*** RECORDS FOR THIS EXERCISE ***

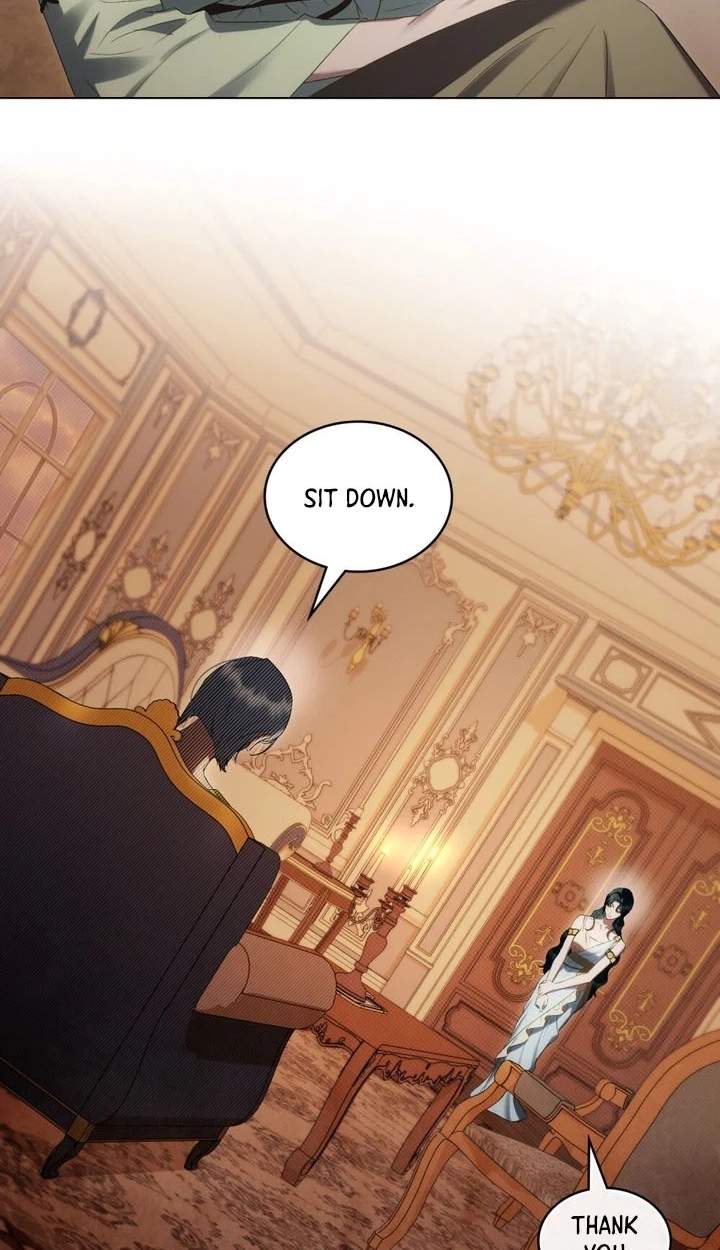 High Class Chapter 93 page 15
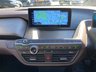 USED 2018 68 BMW I3 0.0 I3 120AH 5d 168 BHP ** RAC BUYSURE INSPECTED **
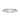 #metal-color_18k-white-gold-vermeil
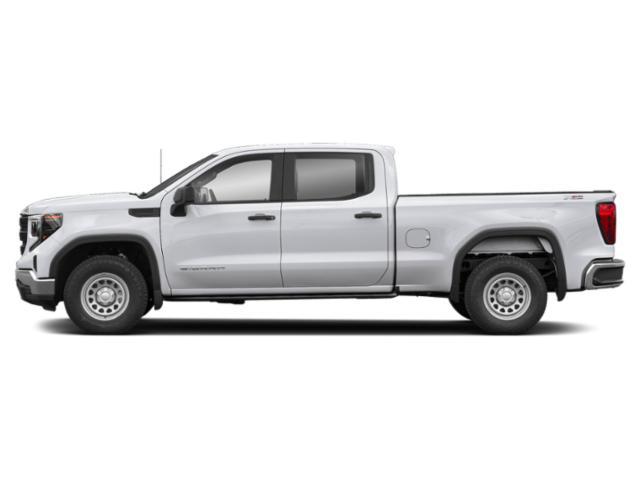 gmc sierra 1500 2023 1GTUUDE84PZ236443 image gmc sierra 1500 2023 1GTUUDE84PZ236443 image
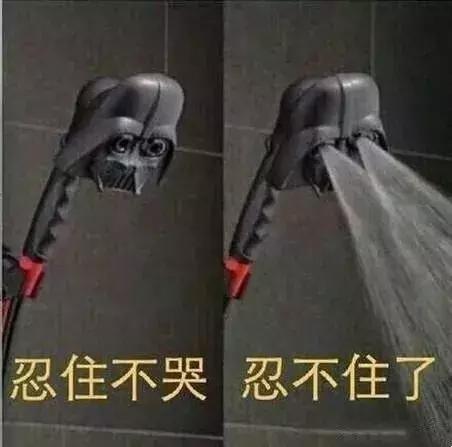 大学考试最惨的专业,大学期末最惨专业排行榜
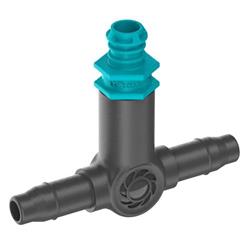 Gardena 13317-20 MDS Kapač řadový 2 l/h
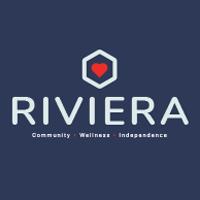 Riviera Recovery Sober Living logo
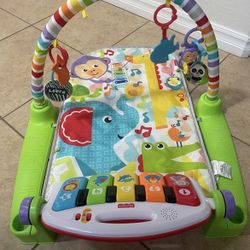 Baby Play Mat/Activity Mat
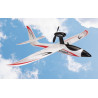 Avions électrique radiocommandé SPIRIT EP PNP ARF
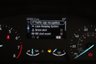 USED 2023 R FORD FIESTA 1.0T EcoBoost Active Euro 6 (s/s) 5dr SPRING SALE NOW ON, SAVE 100s!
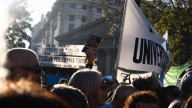 Antes de la marcha federal, los rectores rechazaron el Presupuesto 2026 y advirtieron que "consolida el ajuste universitario"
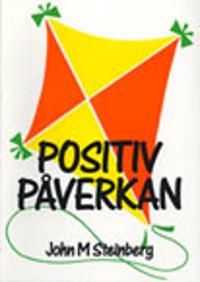Positiv påverkan | 0:e upplagan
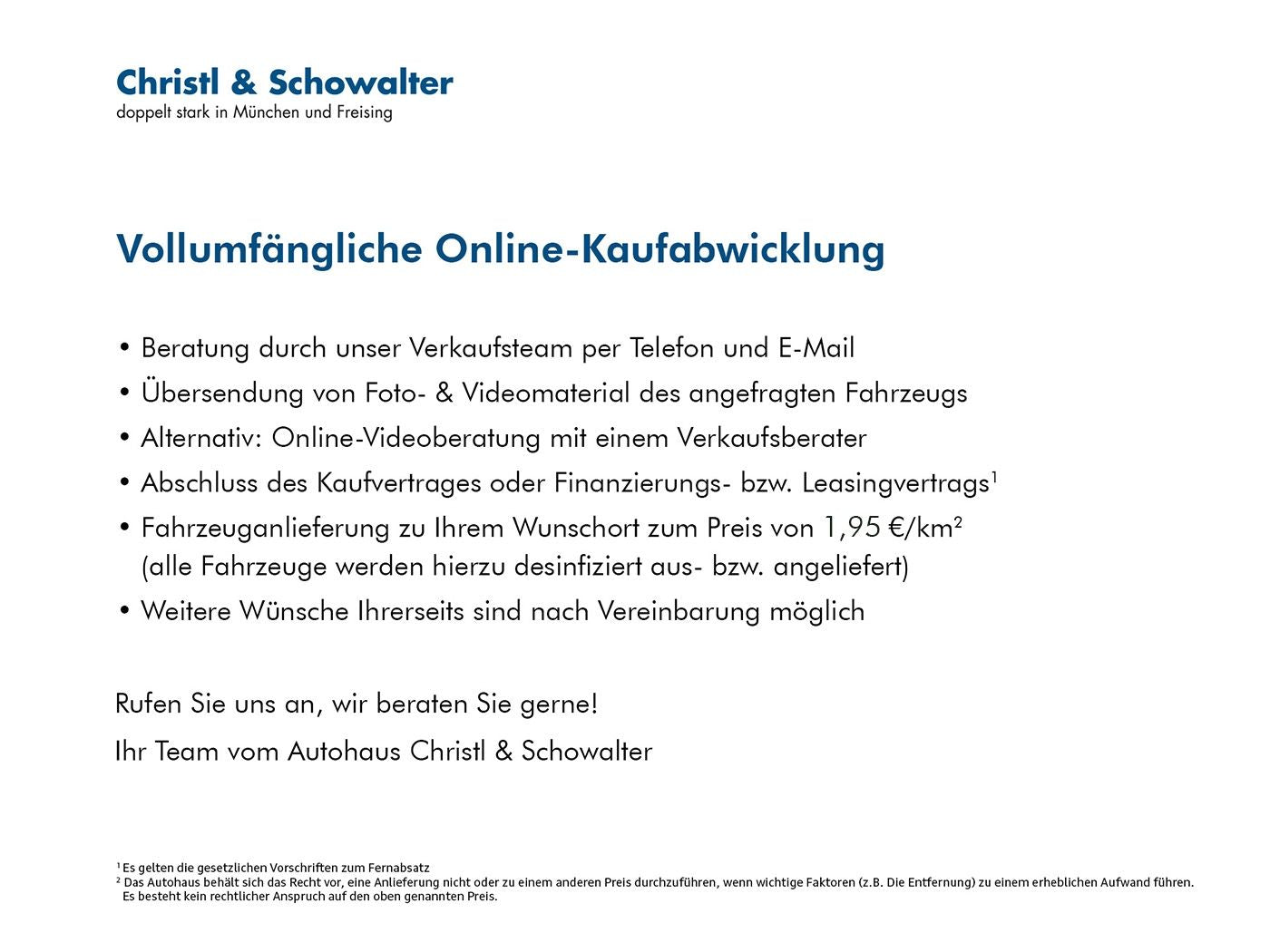 Audi A3 Sportback 35TFSI NAVI LED SOUND RFK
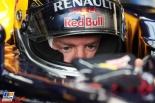 Red Bull devrait prolonger avec Renault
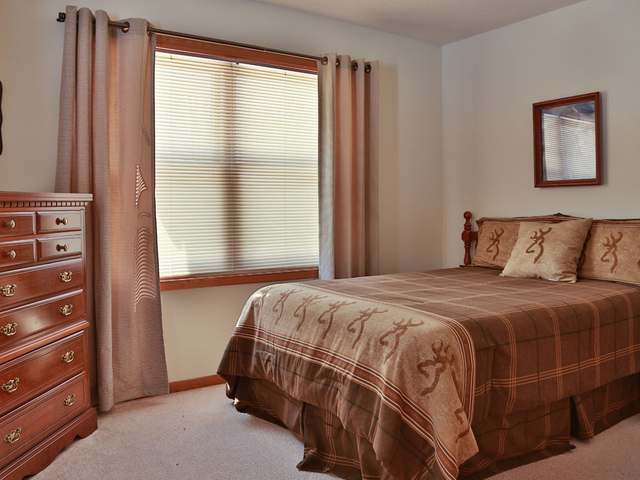 7857 Pike Road Lake Tomahawk, WI 54539 - Photo 6 of 19 Gallery Image 6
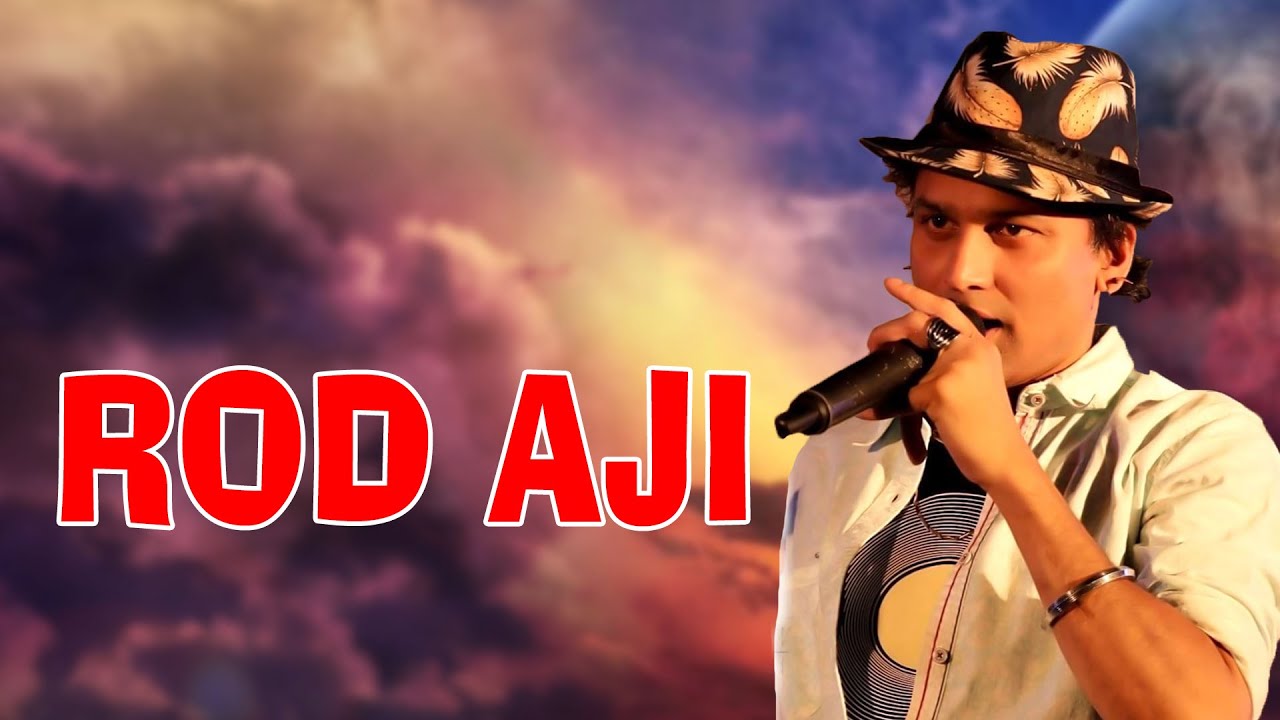 ROD AJI KENI  GOLDEN COLLECTION OF ZUBEEN GARG  ASSAMESE LYRICAL VIDEO SONG  TUMI MUR MATHU MUR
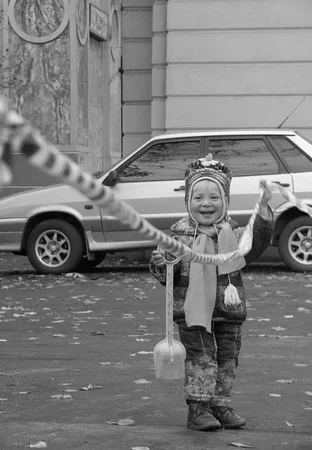 From 3 to 5. Кадр 2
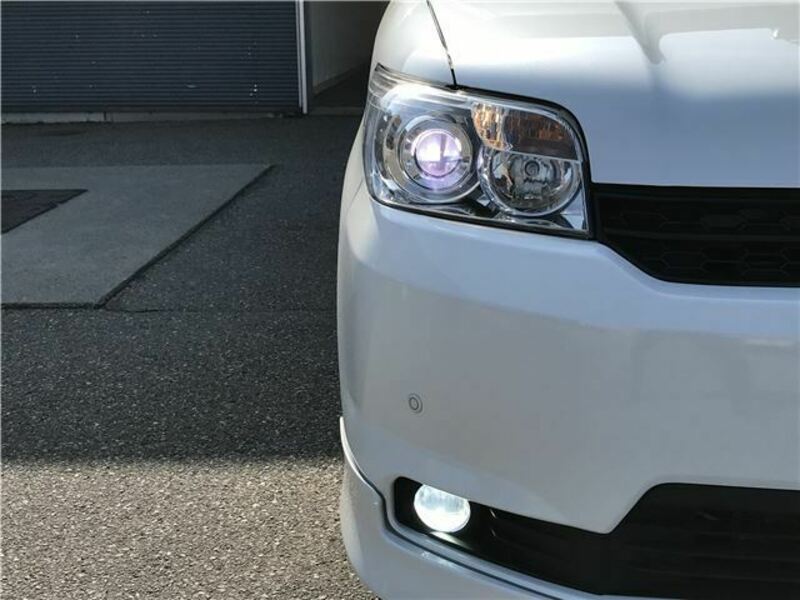 COROLLA RUMION-32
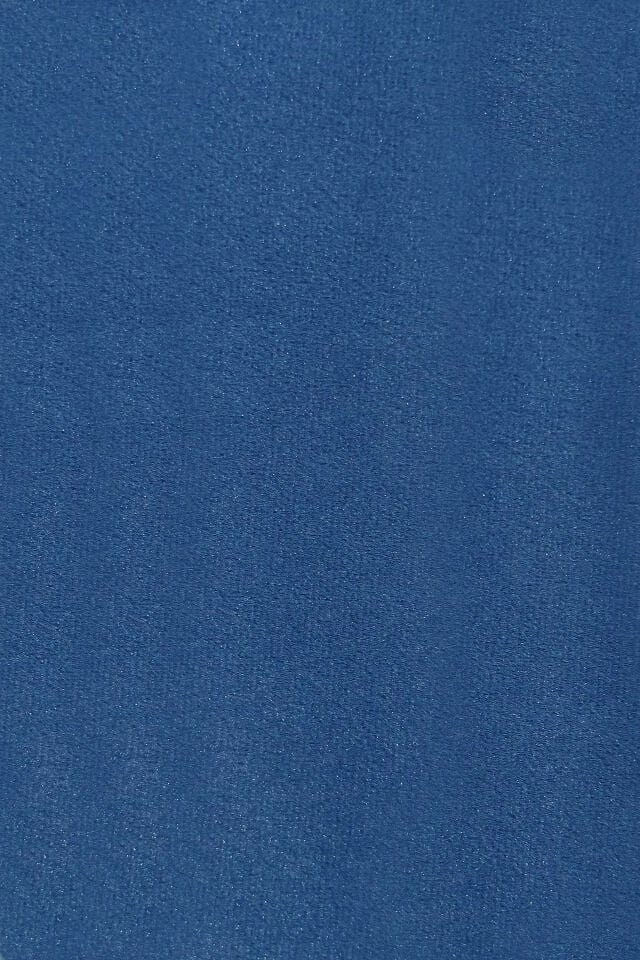 Anka Serisi Premium 1.Kalite Silinebilir Döşemelik Kumaş Mavi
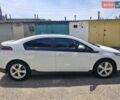 Білий Шевроле Вольт, об'ємом двигуна 1.4 л та пробігом 270 тис. км за 8800 $, фото 7 на Automoto.ua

*** End of RECORDS FOR THIS EXERCISE ***

The lines wanted are those from the one with "Anka Serisi Premium" to the end of the entries above, repeated exactly, both ends included. Leave out the pictures.

__WRITTEN SOLUTION__
 Anka Serisi Premium 1.Kalite Silinebilir Döşemelik Kumaş Mavi
 Білий Шевроле Вольт, об'ємом двигуна 1.4 л та пробігом 270 тис. км за 8800 $, фото 7 на Automoto.ua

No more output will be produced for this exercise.